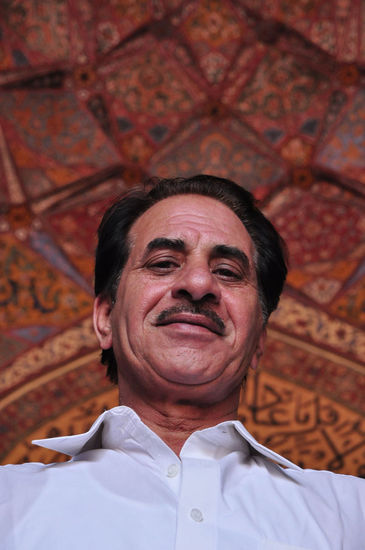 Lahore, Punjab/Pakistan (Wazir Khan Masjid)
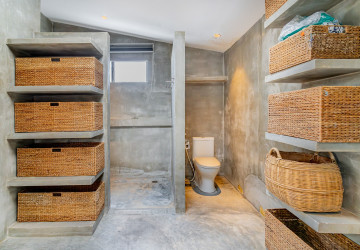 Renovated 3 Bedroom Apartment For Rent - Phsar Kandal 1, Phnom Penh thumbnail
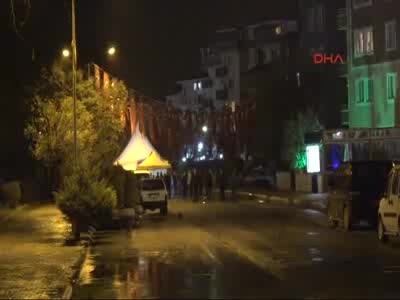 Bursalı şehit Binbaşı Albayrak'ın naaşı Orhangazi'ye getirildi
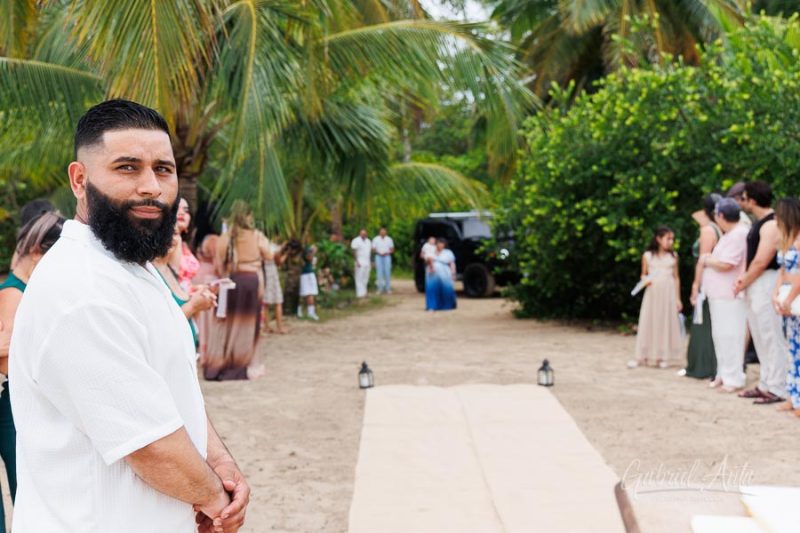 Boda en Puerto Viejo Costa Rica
****************************************
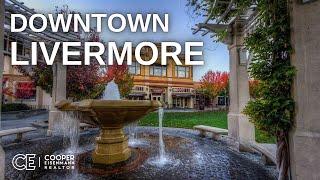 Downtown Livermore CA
****************************************
TASK DESCRIPTION = Go back to the lines above and output, exactly as they stand, the ones from the line containing "Bursalı şehit Binbaşı" to the line containing "Boda en Puerto Viejo Costa Rica". Leave all pictures behind.

RESPONSE TO THE EXERCISE =
 Bursalı şehit Binbaşı Albayrak'ın naaşı Orhangazi'ye getirildi
 Boda en Puerto Viejo Costa Rica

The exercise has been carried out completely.